Sunday 22 April 2018

Reagan's victory sparked fears of North policy shift

US President Ronald Reagan enjoying a pint during a visit to Ballyporeen, Co Tipperary, in 1984
US President Ronald Reagan enjoying a pint during a visit to Ballyporeen, Co Tipperary, in 1984

Chris Parkin

Ronald Reagan's 1980 US presidential election victory prompted fears among Ireland's Washington-based diplomatic corps that the new man at the top might adopt pro-British tendencies on the sensitive issue of Northern Ireland.

Part of the rationale for Dublin's concern was put down to Reagan's memories of his sometimes drunken dad.

Despite his name and Co Tipperary roots, the former Hollywood actor was not at all keen on underscoring his Irish side.

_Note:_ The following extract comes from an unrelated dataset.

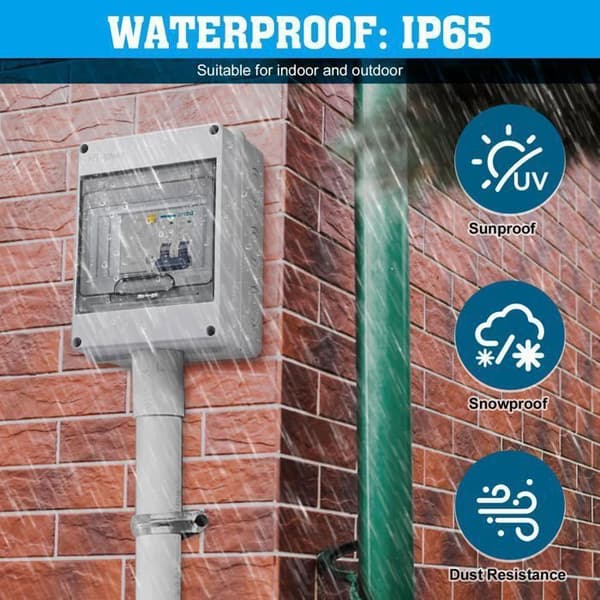 IP65 vattentät elcentral, 1 rad, 5 moduler - Väggmonterad ABS-kapsling för inomhus/utomhusbruk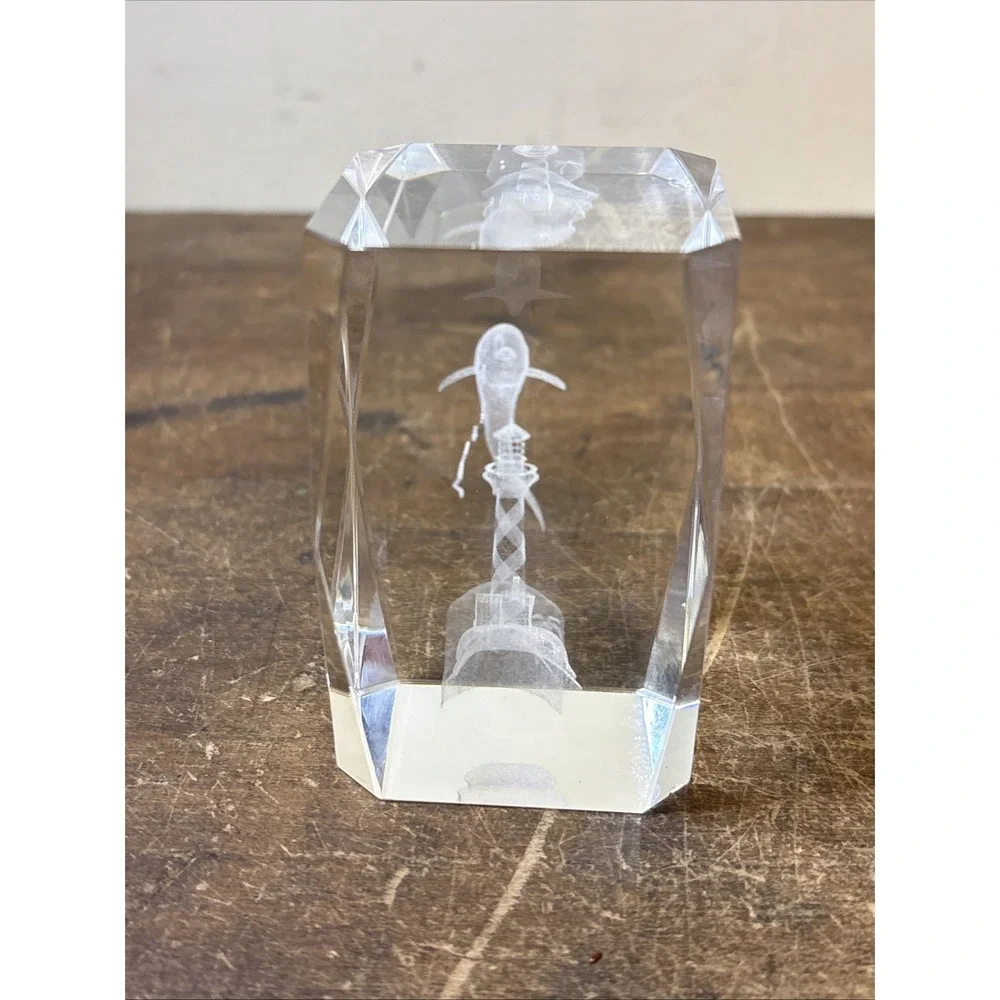 Crystal Cube Lighthouse Dolphin Beach Three Dimensional. Excellent Condition.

The Reagan breakthrough -- and his defeat of the more sympathetic Democrat President Jimmy Carter -- left our team in the US wondering just how the newly elected president would handle the situation in the North where terrorism was still rife.

Years before a future American president -- Bill Clinton -- made a well-informed and telling intervention on the North, Irish ambassador Sean Donlon warned that the official Reagan election position on Northern Ireland had been drafted by advisers who knew little about what was going on there.

The envoy reported that the fresh face in the White House had based his policy position on advice from "profession foreign policy types", none of whom were experts on Northern Ireland. He wrote in a detailed memorandum that the Irish embassy talks with Reagan staff had "indicated a strong pro-British tendency", adding "many of the advisers had close personal and professional contacts with the more conservative Tory establishment in Britain".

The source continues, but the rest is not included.